The Social Media Manager is Dead. Long Live Social Media.
Last year, New England College in Henniker, N.H., welcomed the first students into its dedicated MBA in Digital and Social Media. Among the first of its kind, the two-year program — with classes on everything from the psychology of social media to digital marketing — set out to train the next generation of social media managers and professionals for a brave new marketplace.
Whether their positions will still exist by the time they graduate in 2014 is anyone’s guess.
Once touted as the next big thing, the social media job market has undergone a marked slowdown, according to newly released stats from career site Indeed.com. Growth in positions with the title “social media manager” slowed to 50% in the past year, a dramatic decline from recent years, when triple (and even quadruple) digit growth was commonplace.
Some of social media’s staunchest advocates are waving a white flag. “Social media managers, it could be time to find a new title,” cautions reporter Vickie Elmer on Quartz. “Social media jobs, once much vaunted, are now frequently regarded with skepticism, even contempt,” writes Buzzfeed’s Rob Fishman.
But don’t delete those social media skills from your resume just yet.
Behind the decline in social media managers is a sea change in the way that social media itself is used within organizations, according to industry analysts and former managers themselves. Once the exclusive domain of digital gurus, Twitter, Facebook (FB), and other tools are gradually becoming everyone’s responsibility. “We are seeing an increased demand for social savvy candidates across the business — from human resources to product to customer service,” Amy Crow, Indeed’s communication director told Quartz.
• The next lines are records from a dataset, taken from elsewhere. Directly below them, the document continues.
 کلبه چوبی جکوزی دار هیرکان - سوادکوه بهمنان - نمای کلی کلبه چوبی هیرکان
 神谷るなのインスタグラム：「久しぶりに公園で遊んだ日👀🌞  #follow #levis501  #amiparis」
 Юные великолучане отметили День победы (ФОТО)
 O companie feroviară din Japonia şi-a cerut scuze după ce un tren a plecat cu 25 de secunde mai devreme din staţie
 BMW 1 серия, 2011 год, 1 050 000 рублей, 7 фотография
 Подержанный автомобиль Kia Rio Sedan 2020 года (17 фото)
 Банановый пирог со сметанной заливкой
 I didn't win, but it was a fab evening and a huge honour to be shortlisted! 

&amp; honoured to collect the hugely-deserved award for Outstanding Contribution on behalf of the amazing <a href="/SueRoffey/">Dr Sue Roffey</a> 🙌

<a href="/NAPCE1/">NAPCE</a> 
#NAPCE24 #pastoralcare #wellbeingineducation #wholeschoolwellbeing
The numbers back Crow up. Compared to a year ago, there are 13 times as many jobs on Indeed that involve the use of social media in some way. “[We're] seeing this demand span many levels, from executive assistants to senior vice presidents,” Crow explains. Buzzfeed contributing editor Fishman, once a social media manager for The Huffington Post, concurs: “In speaking with higher-ups at outlets old and new, I heard from all of them that social was no longer peripheral, but core to their strategy,” he writes. “Concentrating authority in a single personage no longer made sense …”
While these comments are in the context of news outlets, the same transformations are registering across a broad range of industries. “As a business solution, social has evolved, moving well beyond the marketing department, to address business objectives across the organization,” concludes a July 2013 report from MIT’s Sloan Management Review, which surveyed more than 2,500 businesses in 99 countries. Another recent report from McKinsey pegs the collective value of extending social media company-wide at $1.3 trillion in improved productivity and customer awareness.
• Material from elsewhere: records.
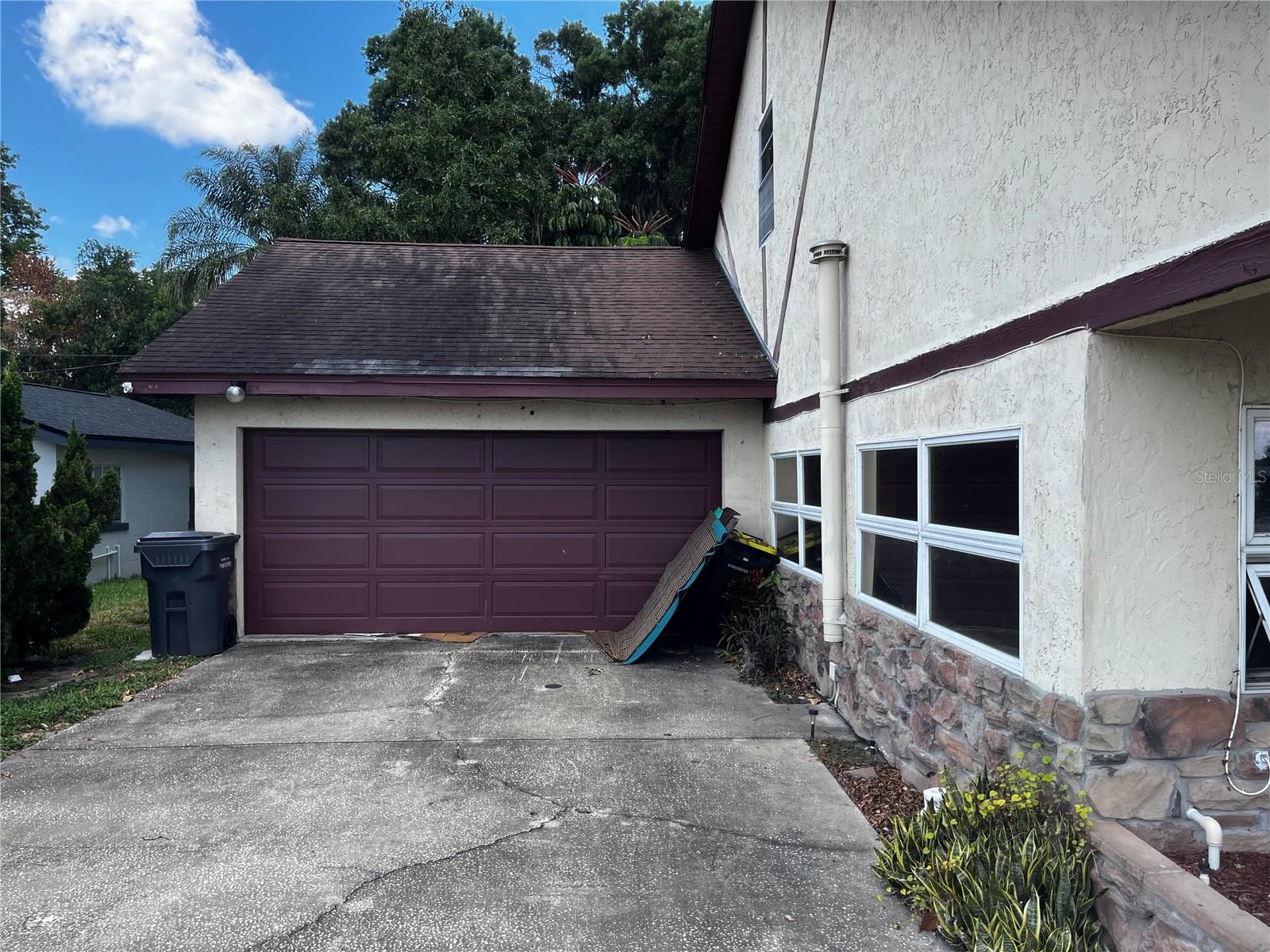 1450 W LAKE CANNON DR NW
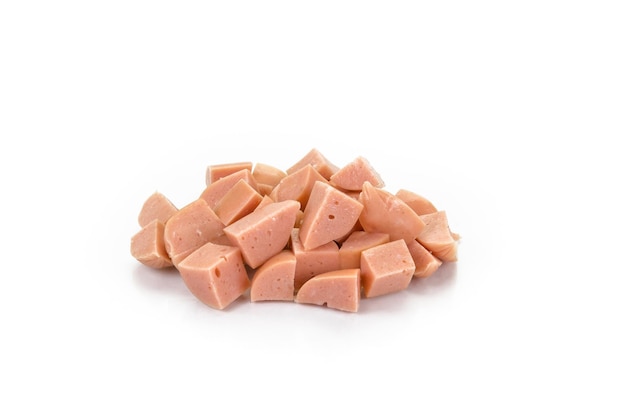 salsicce di maiale cotte a cubetti isolate su sfondo bianco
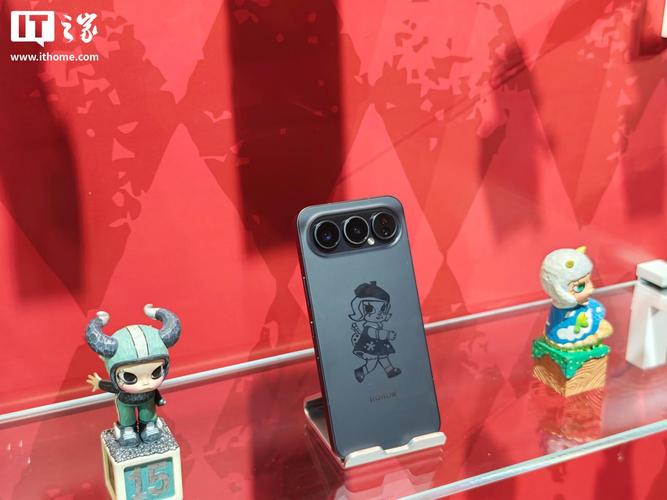 荣耀500 Pro MOLLY 20周年限定版 - 限定设计旗舰手机_百科资料-4 荣耀500 Pro MOLLY 20周年限定版 - 限定设计旗舰手机_百科资料-4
Customer service teams at many companies have already embraced social media, often out of necessity. More than half of consumers now use social tools like Twitter and Facebook to reach out to companies with questions and complaints, according to Nielsen’s 2012 Social Media Report. Meanwhile, sales teams are also turning to Twitter, LinkedIn, and other tools for what is being called “social selling“: sales intelligence, lead generation, and network building. Last year, IBM (IBM) saw a 400% surge in sales after implementing a social selling program, and 61% of U.S. marketers now use social media to generate new business.
Meanwhile, departments as diverse as R&D and logistics are tapping into social tools to expedite tasks ranging from developing new products to streamlining the supply chain. “[The] notion of a single person who spends their entire day on Twitter creating hashtags” is dead, writes GigaOM reporter Matthew Ingram. Being social is “part of everyone’s job, or soon will be.”
Whether everyone is adequately trained for that job, however, is another question. Just as it took years to fully onboard email, integrating social media into the workplace is frustrated by a skills gap. ”The problem is that gap hasn’t been fully closed yet,” writes Anthony De Rosa, former social media editor for Reuters. “Every organization is different.” Case in point: Among 2,100 companies surveyed recently by Harvard Business Review, just 12% of those using social media feel they actually use it effectively.
For an older generation of employees, social media often remains misunderstood and underutilized. Even digital natives — younger workers brought up on a steady diet of Facebook and Twitter — need to be trained to use the tools in a business context. [Full disclosure: One part of my company provides this type of training.] “Business requires people with the skills and understanding on how to use … social media professionally in an integrated and strategic way,” says William Ward, who teaches a series of popular social media courses to undergraduates at Syracuse University. “[Using] it to connect with friends and family” is not the same thing.